Una iniciativa del beato Juan Pablo II: la Jornada por la Vida

Publicado en Atlántico Diario.

En la encíclica “Evangelium vitae”, fechada el 25 de marzo de 1995, el beato Juan Pablo II había pedido la celebración anual de una “Jornada por la Vida”. Esa petición del Papa es hoy una realidad. La finalidad de la misma es, según decía el Papa: “suscitar en las conciencias, en las familias, en la Iglesia y en la sociedad civil, el reconocimiento del sentido y del valor de la vida humana en todos sus momentos y condiciones, centrando particularmente la atención sobre la gravedad del aborto y de la eutanasia, sin olvidar tampoco los demás momentos y aspectos de la vida, que merecen ser objeto de atenta consideración” (“Evangelium vitae”, 85).

“Suscitar” es promover y levantar. Y la secuencia de ámbitos en los que se ha de promover “el sentido y el valor de la vida humana” es enormemente amplio. En primer lugar, en las conciencias. La conciencia moral es el juicio de nuestra razón que nos orienta a practicar el bien y evitar el mal. Si estamos atentos a esa voz de la conciencia, percibiremos que algunas acciones son buenas y otras malas, que algunas cosas nos están permitidas y otras prohibidas. No todo está bien. No está bien matar a un inocente. No está bien mentir ni engañar. No está bien promocionar el mal o la simple ley del más fuerte.

Las familias tienen una enorme responsabilidad. La familia es la célula de la vida social, la unidad fundamental de la vida. En la familia comienza el aprendizaje humano. En ese marco deberíamos poder aprender a cuidar a los pequeños y a los mayores, a los enfermos y a las personas con discapacidad. Y también a los pobres.

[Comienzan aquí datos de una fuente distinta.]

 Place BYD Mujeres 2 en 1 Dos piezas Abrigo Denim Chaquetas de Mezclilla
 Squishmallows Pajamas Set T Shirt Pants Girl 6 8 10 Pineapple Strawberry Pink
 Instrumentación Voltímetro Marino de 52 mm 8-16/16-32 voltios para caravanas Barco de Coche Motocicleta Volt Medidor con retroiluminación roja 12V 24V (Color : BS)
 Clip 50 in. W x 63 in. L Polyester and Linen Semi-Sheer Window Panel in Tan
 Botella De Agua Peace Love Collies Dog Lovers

La Iglesia es otro ámbito. “Cuando leemos los Evangelios, vemos que Jesús reúne a su alrededor una pequeña comunidad que acoge su palabra, lo sigue, comparte su camino, se convierte en su familia, y con esta comunidad Él se prepara y edifica su Iglesia”, ha recordado el Papa Francisco en una de sus catequesis (29 de mayo de 2013).

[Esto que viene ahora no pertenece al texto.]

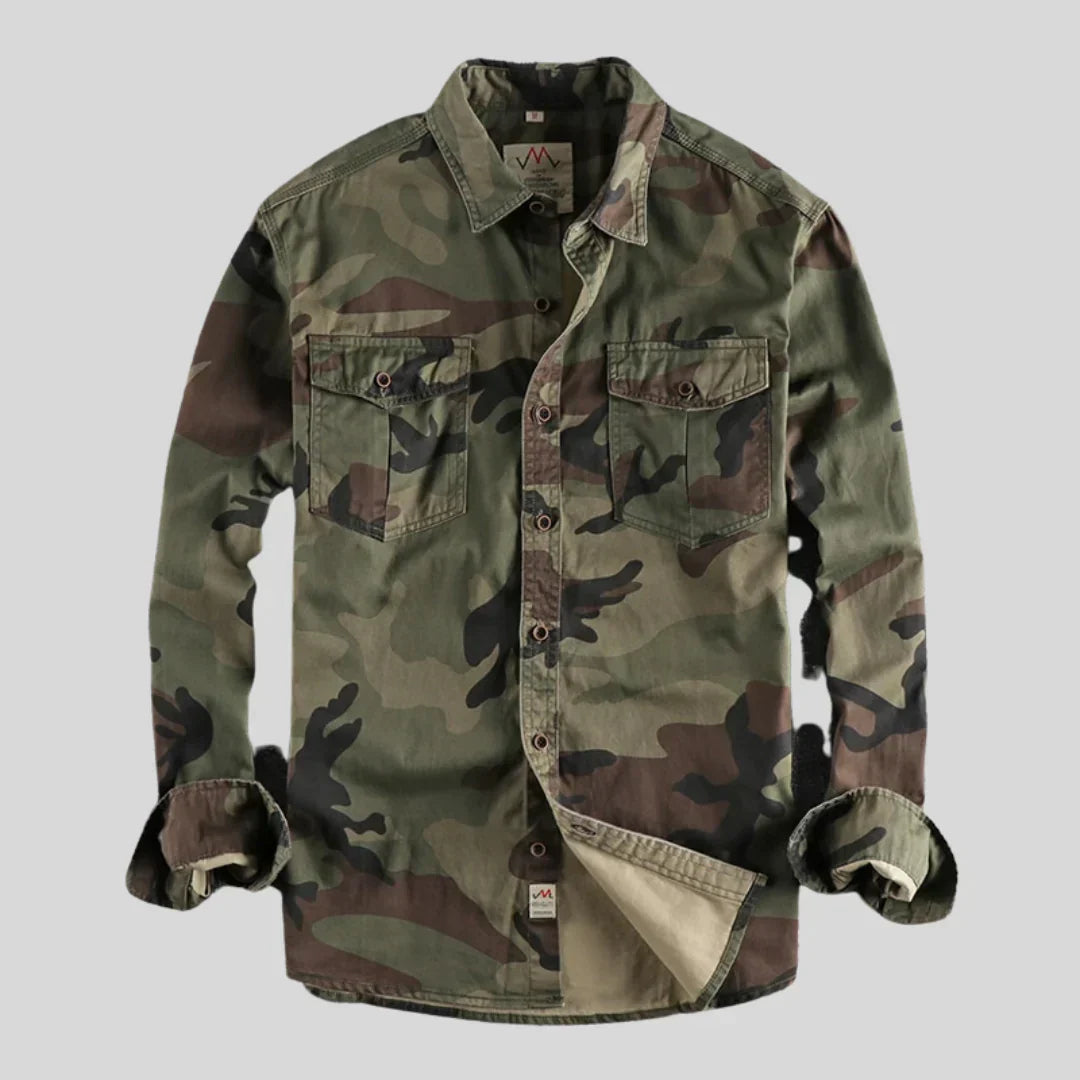 Heren Overhemd - Camouflageprint met Borstzakken en Lange Mouwen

La Iglesia tiene que recordar el evangelio de la vida. Ella misma es “el pueblo de la vida y para la vida” (“Evangelium vitae”, 78-79). La Iglesia recibe del Evangelio su identidad de pueblo de la vida, porque el Evangelio es el anuncio de Jesucristo, el autor de la vida. Es, asimismo, un “pueblo para la vida”, porque ha sido enviado por Dios para anunciar, celebrar y servir el evangelio de la vida.

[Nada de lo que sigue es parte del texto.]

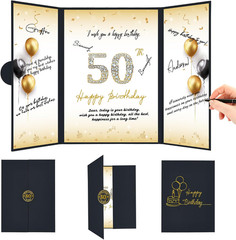 50Th Birthday Decorations Men Women, Black Gold 50Th Birthday Guest Book Jumbo C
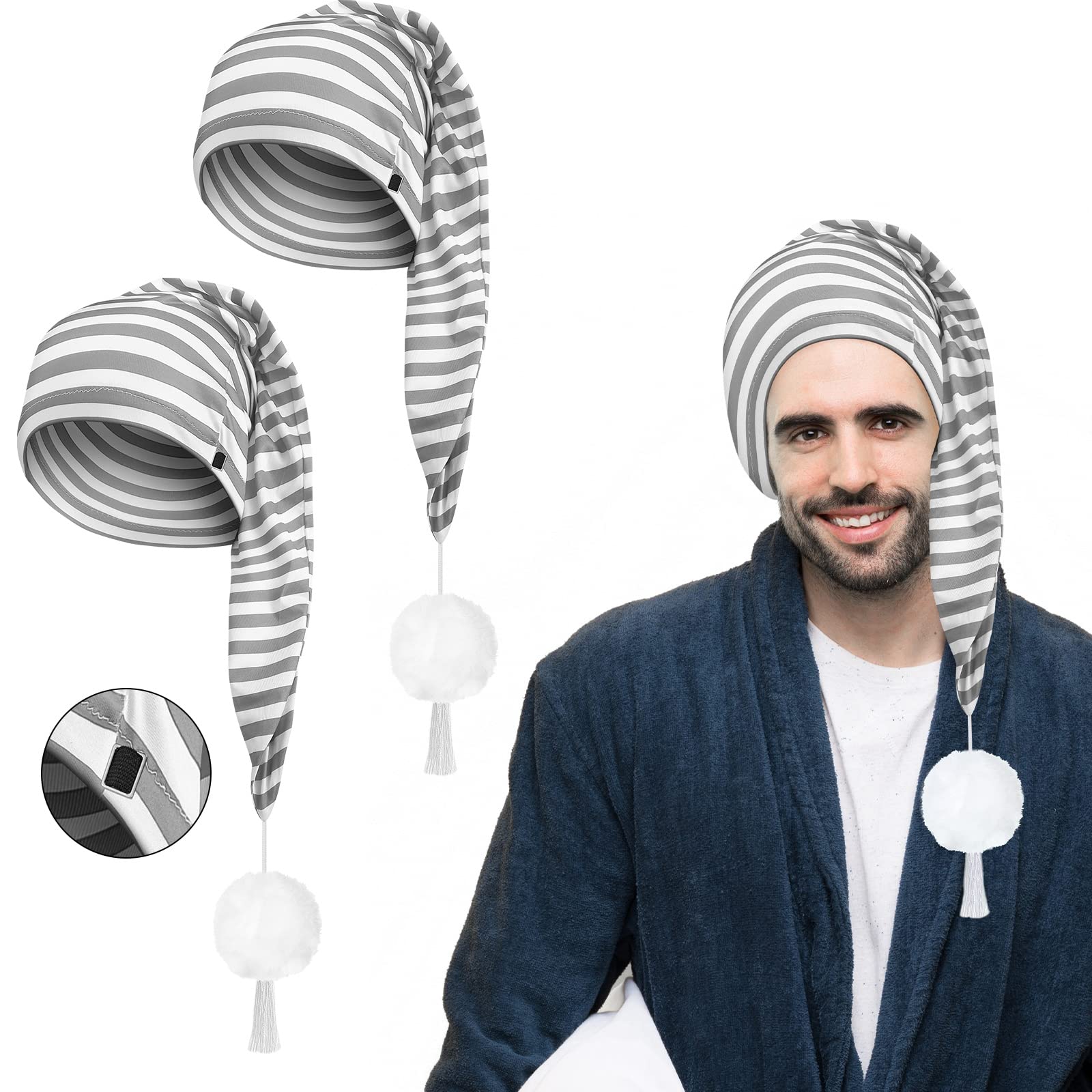 Eurzom 2 Pcs Men's Night Cap Striped Pajama Hat Adjustable Sleeping Caps with Pom Ball for Party Supplies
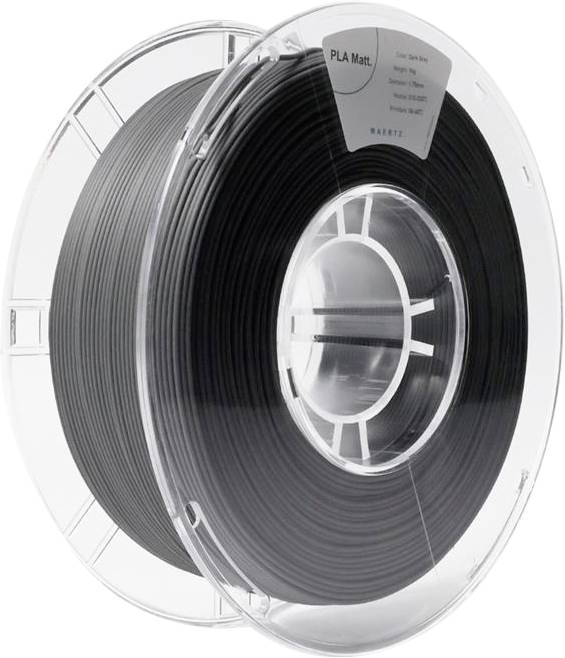 Bobine de plastique transparente avec filament noir, étiquetée 'PLA Mat'.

Y la sociedad civil. La sociedad tiene un fin último: el respeto de la dignidad trascendente del hombre. Como recuerda el “Catecismo”: “El respeto de la persona humana implica el de los derechos que se derivan de su dignidad de criatura. Estos derechos son anteriores a la sociedad y se imponen a ella. Fundan la legitimidad moral de toda autoridad: menospreciándolos o negándose a reconocerlos en su legislación positiva, una sociedad mina su propia legitimidad moral” (n. 1930).